Opposition leader Michael O’Brien and members of the shadow cabinet meeting at Rosebud last week were told that classing the peninsula as metropolitan was hurting business, causing job shortages and lost government grants.
The committee was launched in March and now has 50 members (“Business behind new lobby group” The News 10/4/19).
Its president, former Liberal federal government MP for Dunkley, Bruce Billson, said the committee would pay for research to examine the “fors and againsts” of the peninsula being re-classified regional, “compared to pursuing the levels of services and support expected by a metropolitan community and what can realistically be achieved”.
He hoped Mornington Peninsula Shire would contribute towards the cost of the “regional designation research project”.
“We keep hearing time and time again that local employment, access to education and services and the opportunity for local businesses to compete, is being hindered by the peninsula being lumped in with Melbourne”, Mr Billson said.
“Local businesses pay twice the rate of payroll tax and more stamp duty on property purchased for business investment than the same business would pay on the Bellarine Peninsula and other regions outside the metropolitan area. Why? Those communities are said to be regional and we are not.

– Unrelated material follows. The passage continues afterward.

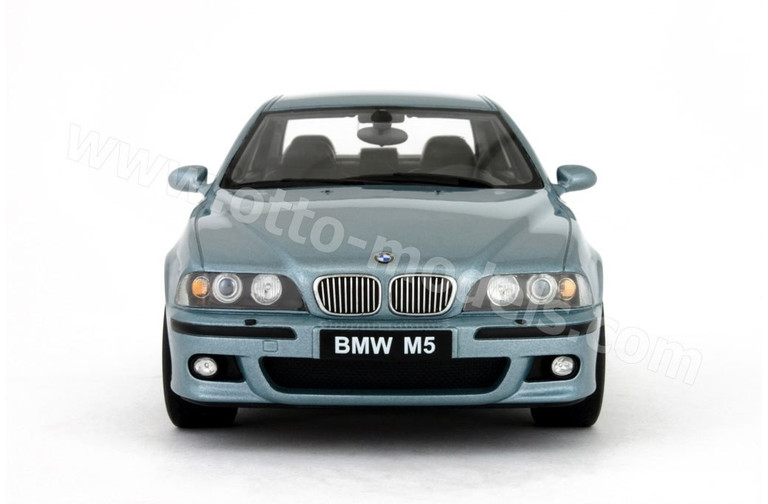 BMW E39 M5 Silverwater Blue 2000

“Our committee put it to the Opposition shadow cabinet that this is unfair and unjustified, and that an early examination should look to change this.”

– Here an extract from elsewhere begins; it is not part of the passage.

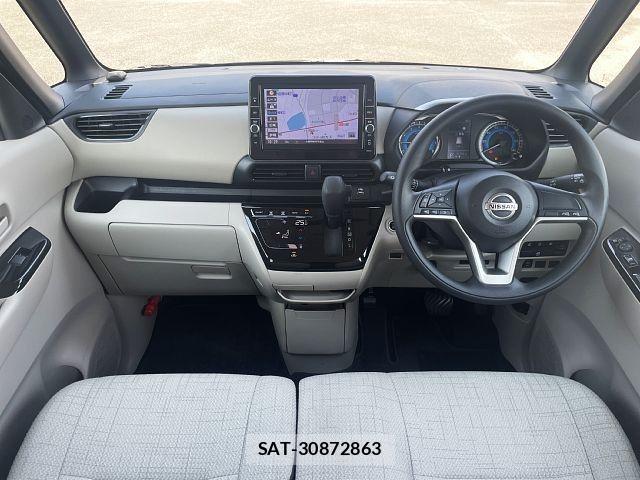 Nissan ROOX 2022-09 8246567-1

Mr Billson said classifying the peninsula as metropolitan meant higher employment and investment costs “than in competitor locations”.

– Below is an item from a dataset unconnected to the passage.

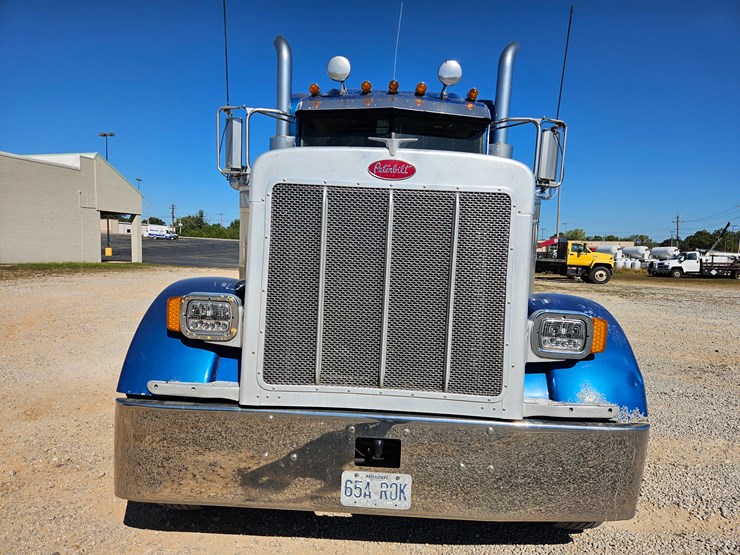2007-peterbilt-379-image-22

He said there was “no sensible justification or reason to make it harder” for businesses to succeed on the peninsula.
In the lead up to its launch the committee said it would work “beyond electoral cycles and partisan politics” with a “membership base of local, national and international organisations and individuals”.
The committee’s $21,000 a year “platinum” members automatically have a place on its strategy and policy committee; $7000 “corporate gold” and $3000 “corporate” members can nominate for membership of the key body that will steer the group.
A $1000 “small business package” buys the “ability” to join one or more “round tables”, while the $500 “not for profit” membership level comes with the “ability to join one round table”.
While the strategy and policy committee is described driving “hands on policy decisions” the round table discussion groups take “deep dives into sub topics that form a theme”.